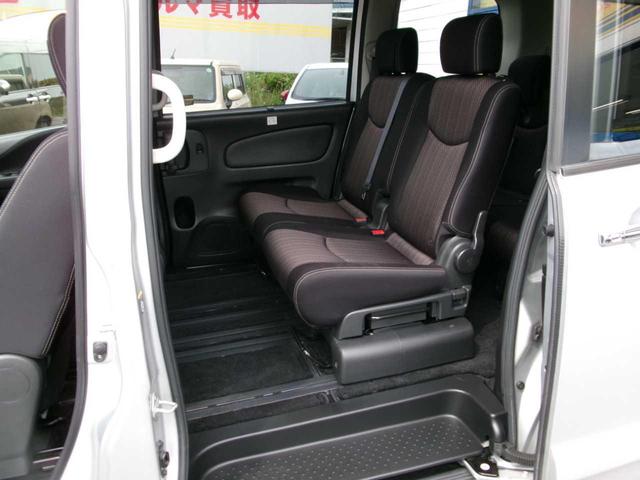 セレナ ハイウェイスター　Ｖセレ＋セーフティ　ＳＨＶ　Ａセフ　衝突軽減ブレーキ／両側パワースライド／前後ソナー／ナビ／フルセグＴＶ／Ｂｌｕｅｔｏｏｔｈ／ＤＶＤ再生／アラウンドビューモニタ／クルーズコントロール／アイドリングストップ／フォグランプ／ＥＴＣ／ドラレコ（44枚目）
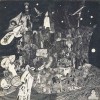 Rudimentary Peni - Death Church (Vinyl, LP, Album, Reissue, 2012 Press)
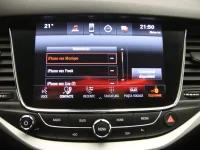 Opel Astra 1.6 81kW thumbnail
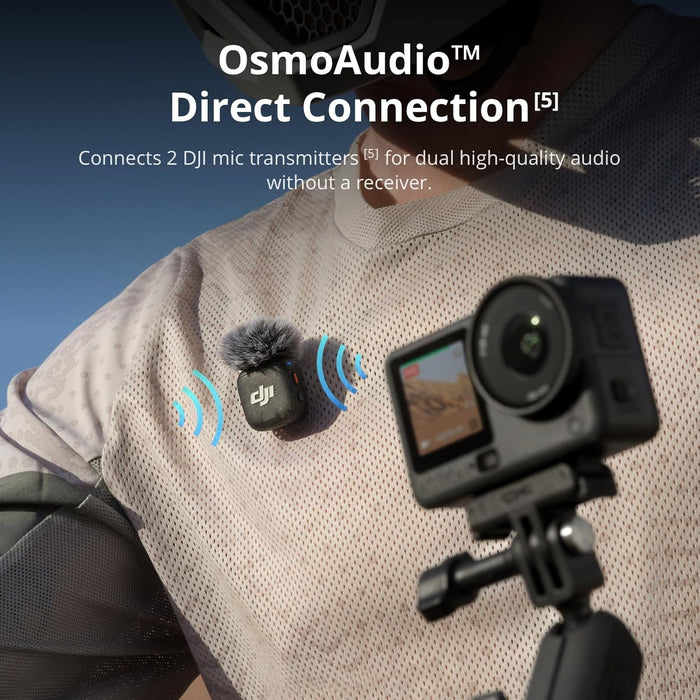 DJI Osmo Action 6 Adventure Combo - New - Image 7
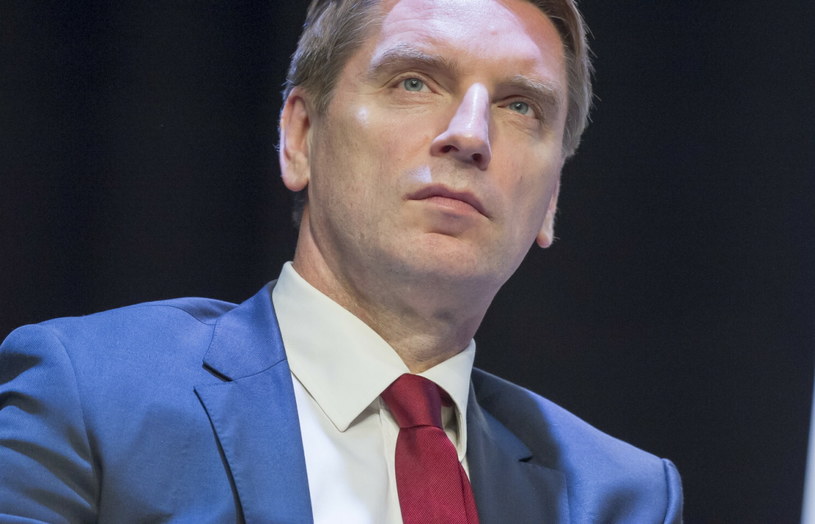 Tomasz Lis przeszedł kolejny udar. „Podobno żyję”
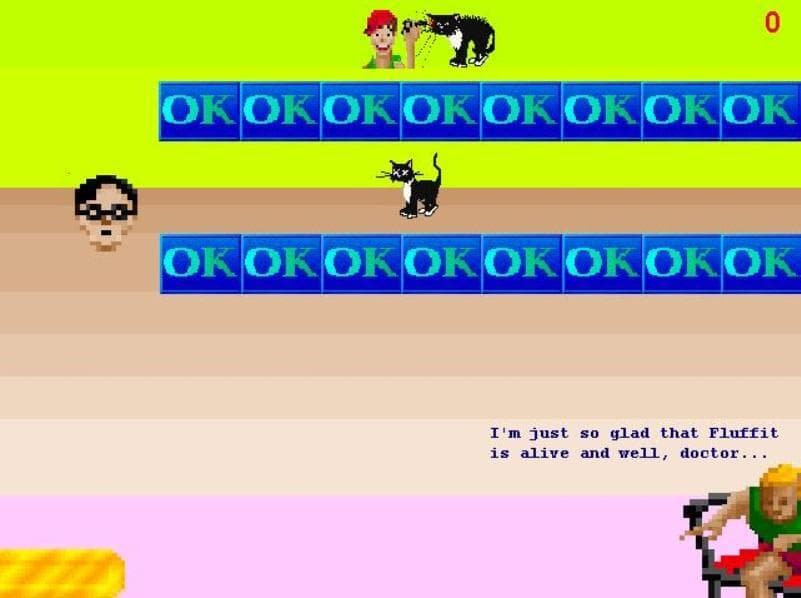 Klik n Play Frenzy screenshot 4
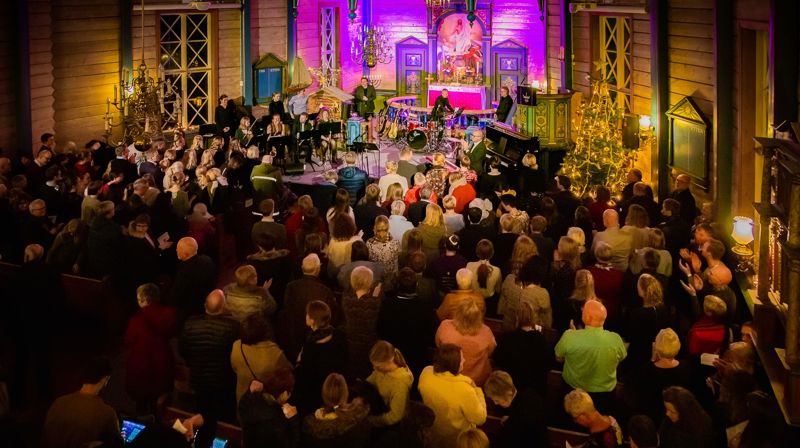 bilde: Robert Skeide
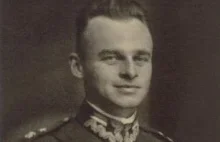 W nocy z 26 na 27.04.1943 r. Porucznik Witold Pilecki uciekł z obozu Auschwitz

* [Exercise requirements]:
If a record holds a picture, leave that picture out; retype everything else exactly.

* [Answer for this exercise]:
 セレナ ハイウェイスター　Ｖセレ＋セーフティ　ＳＨＶ　Ａセフ　衝突軽減ブレーキ／両側パワースライド／前後ソナー／ナビ／フルセグＴＶ／Ｂｌｕｅｔｏｏｔｈ／ＤＶＤ再生／アラウンドビューモニタ／クルーズコントロール／アイドリングストップ／フォグランプ／ＥＴＣ／ドラレコ（44枚目）
 Rudimentary Peni - Death Church (Vinyl, LP, Album, Reissue, 2012 Press)
 Opel Astra 1.6 81kW thumbnail
 DJI Osmo Action 6 Adventure Combo - New - Image 7
 Tomasz Lis przeszedł kolejny udar. „Podobno żyję”
 Klik n Play Frenzy screenshot 4
 bilde: Robert Skeide
 W nocy z 26 na 27.04.1943 r. Porucznik Witold Pilecki uciekł z obozu Auschwitz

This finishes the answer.